Afin de satisfaire à la politique du chiffre imprimée par le gouvernement, les organismes sociaux sont incités à actionner tous les leviers possibles : contrôle des quittances de loyer, vérification des passeports, collaboration avec les services de police de l’air et des frontières des pays d’origine - afin de s’assurer que les Chibanis ne passent pas trop de temps sur la terre qui les a vus naître, et pas assez sur leur lieu officiel de résidence. Ce qu’accrédite Françoise Roger, directrice des affaires juridiques du Centre des liaisons européennes et internationales de Sécurité sociale, dans le rapport parlementaire d’information sur la fraude sociale : «  Phénomène nouveau, des dispositions d’entraide administrative et en faveur de la communication entre institutions apparaissent dans les conventions, notamment bilatérales.

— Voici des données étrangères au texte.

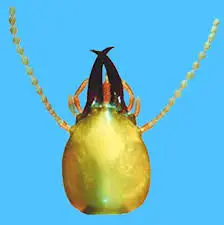 Termite Antennae () in Middle Tennessee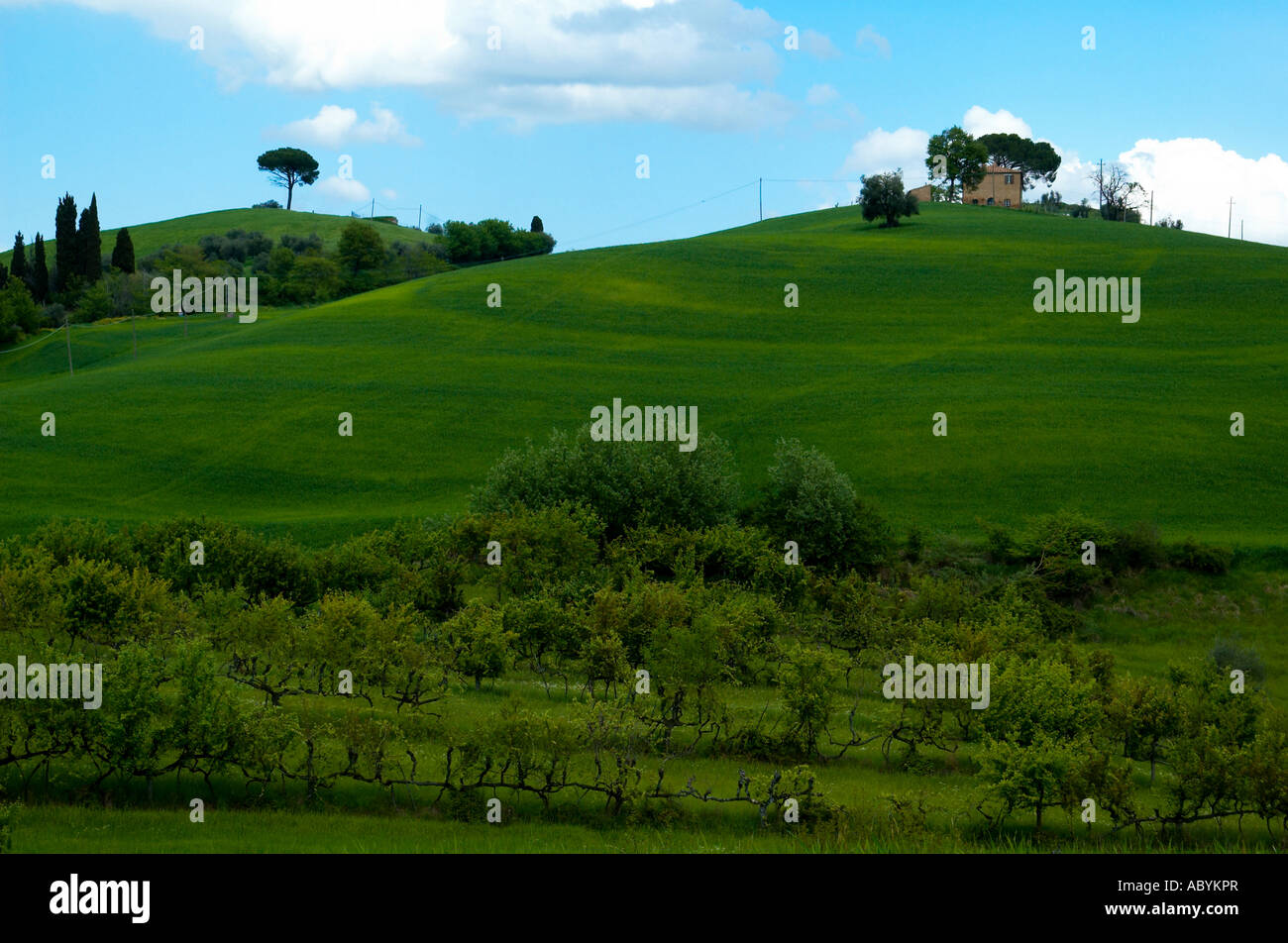 Farm house in the Tuscany region of Italy Stock Photo - Alamy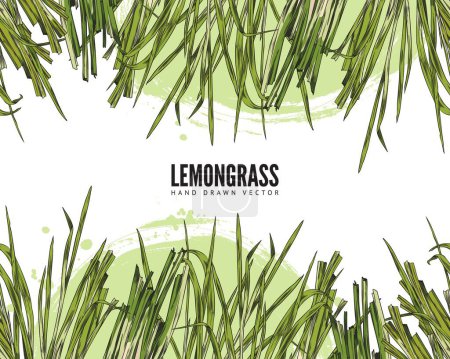 Illustration for Lemongrass hand drawn vector design label with logo. Color sketch stems of lemongrass leaves on green watercolor spot. Fragrant botanical drawing. Vegetarian aromatic herbs, agricultural plant - Royalty Free Image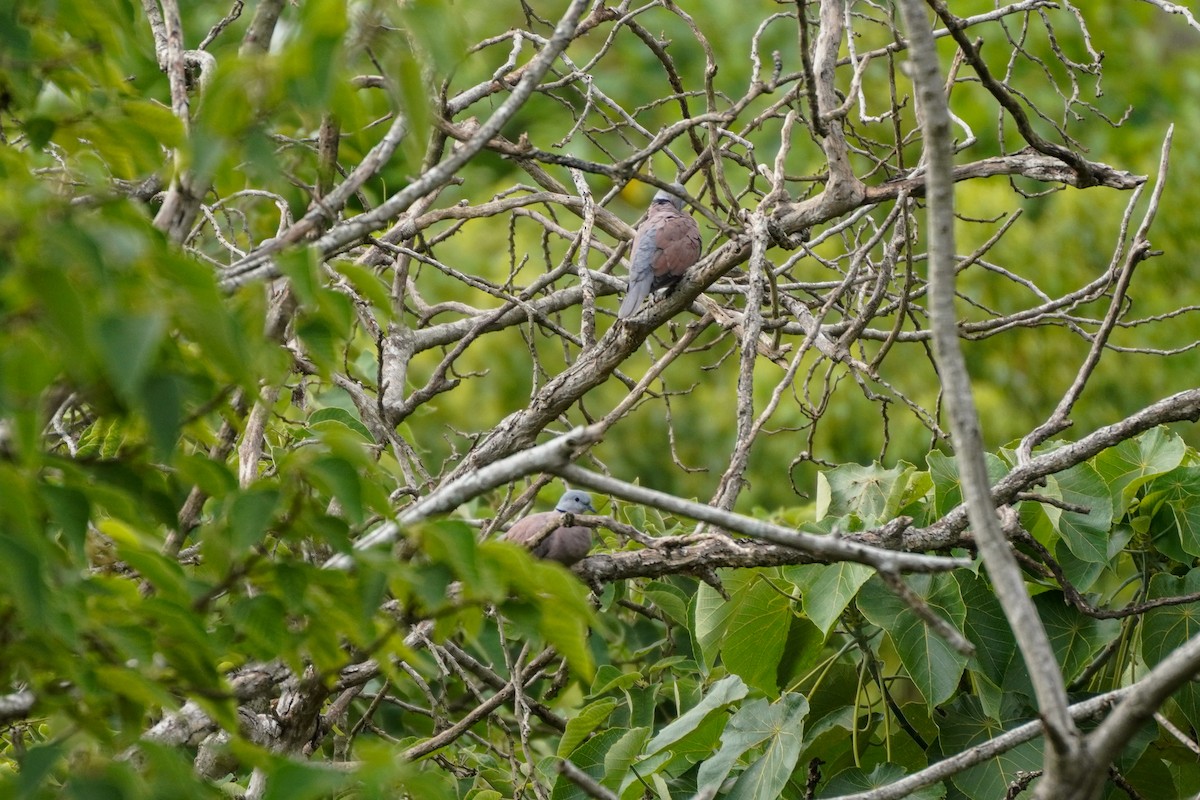 Red Collared-Dove - Shih-Chun Huang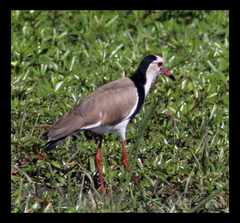 Vanellus crassirostris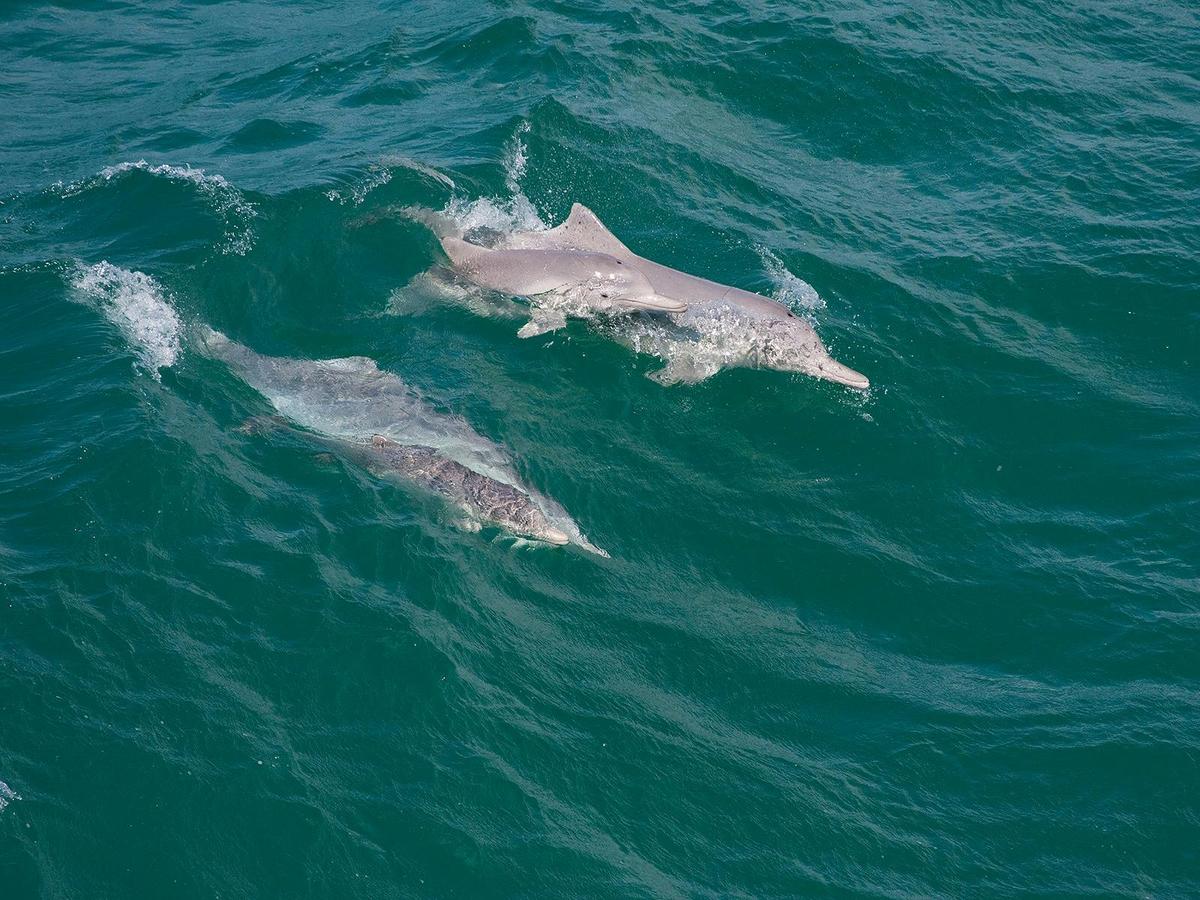 North Stradbroke Island Tour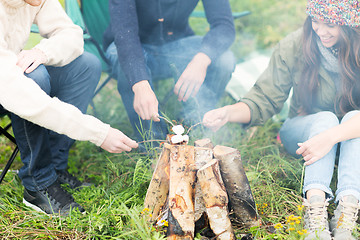 Image showing close up of hikers roasting marshmallow on fire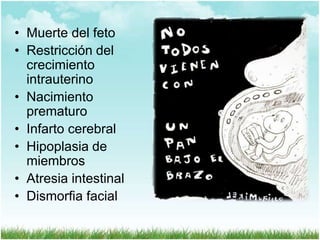 • Muerte del feto
• Restricción del
crecimiento
intrauterino
• Nacimiento
prematuro
• Infarto cerebral
• Hipoplasia de
miembros
• Atresia intestinal
• Dismorfia facial

 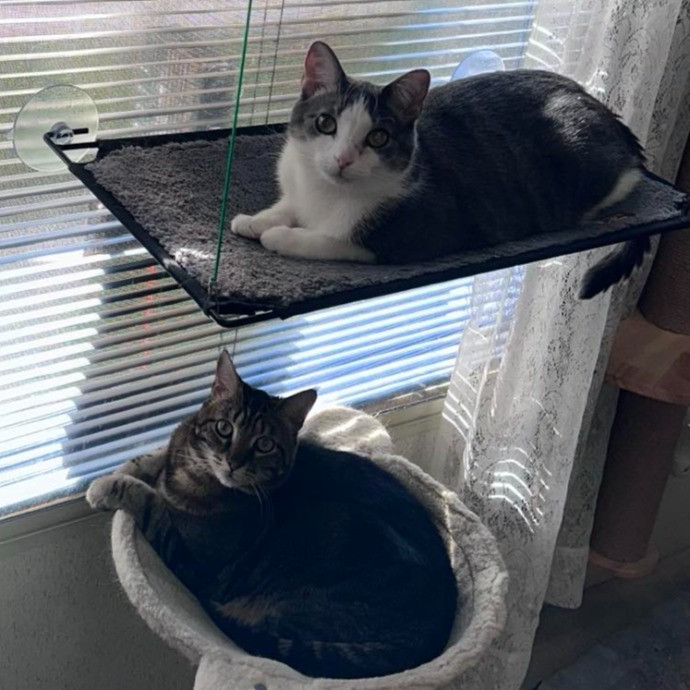 Fellow Fur-Father 4 Feline Friendship photo 3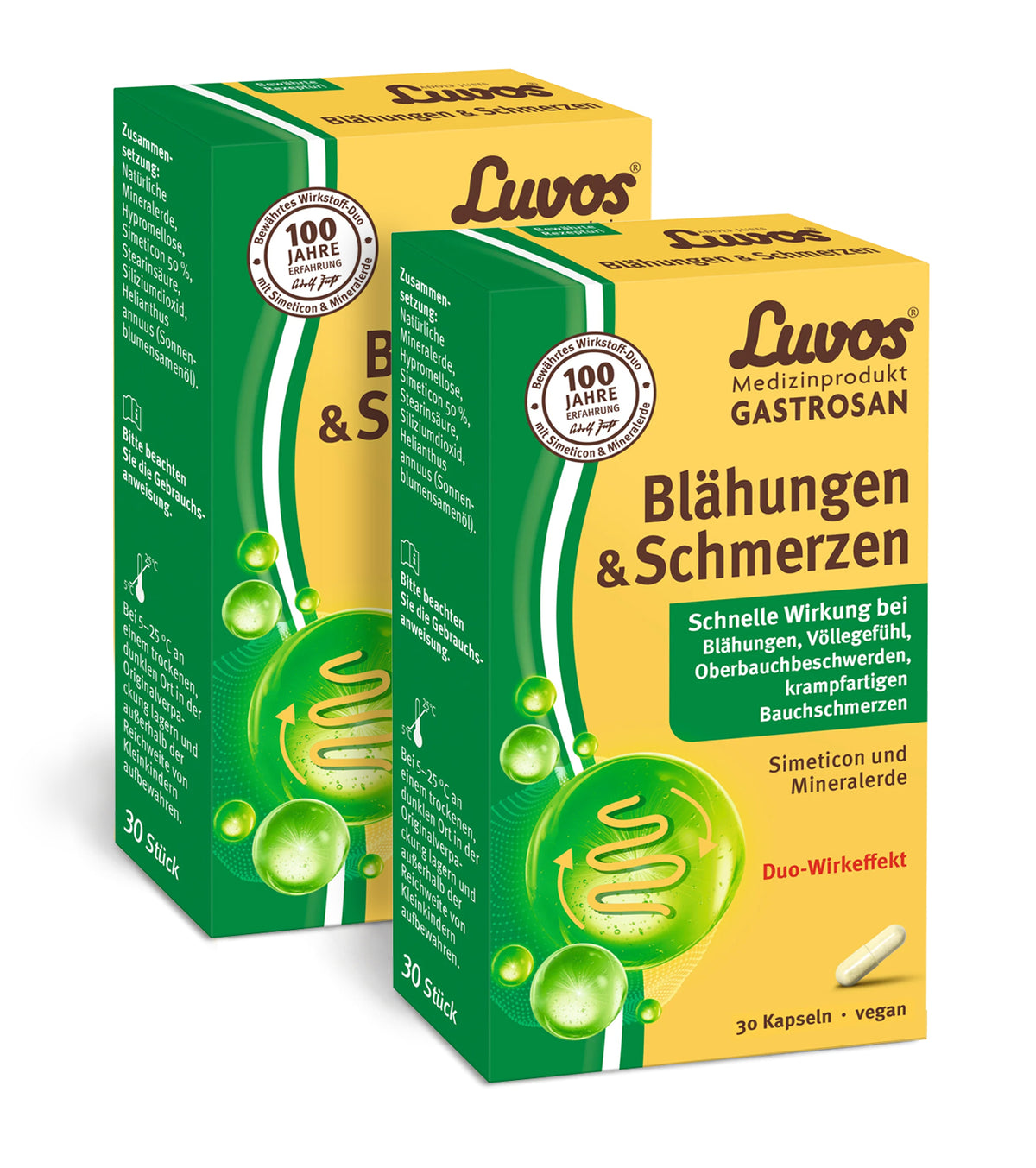 Luvos® Gastrosan Blähungen & Schmerzen Kapseln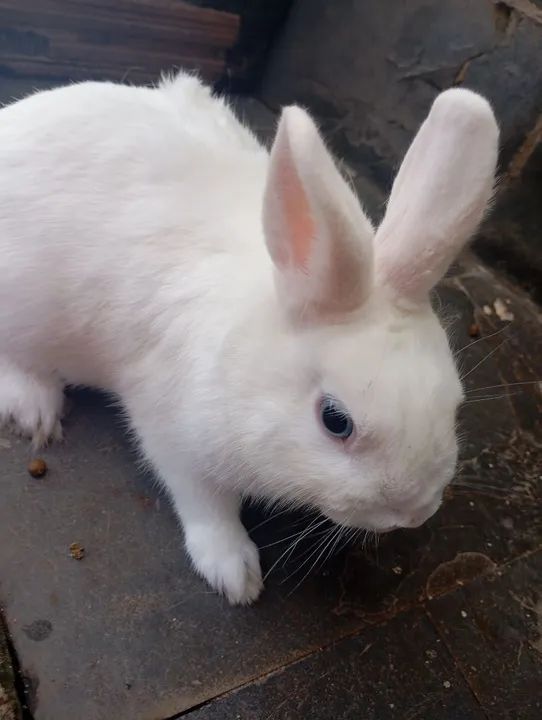 Coelhinho branco fofinho macho adulto mini coelho Nertherland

Un certain nombre d’États, comme le Maroc, commencent eux-mêmes à prendre conscience de l’existence de fraudes nées sur leur territoire et nous envoient des signalements détaillés ».

Ainsi, pour pouvoir percevoir l’ASPA (Allocation de Solidarité aux Personnes Agées), le délai maximum du séjour hors de France s’établit à 180 jours, soit environ la moitié de l’année ; en ce qui concerne les aides au logement (APL), la limite s’abaisse à 120 jours, soit quatre mois ; et enfin, un bénéficiaire de l’AAH (Allocation Adulte Handicapé) ne peut partir, lui, que 92 jours par an (trois mois), sous peine de se voir supprimer sa pension.

Pour ceux qui outrepassent - intentionnellement ou non - ce délai, la sanction tombe instantanément : suspension des allocations logement et dans certains cas de l’ASPA - appointements vitaux venant compléter une infime pension basique, qu’explique une vie professionnelle en dents de scie où se sont alternés travail légal et au noir.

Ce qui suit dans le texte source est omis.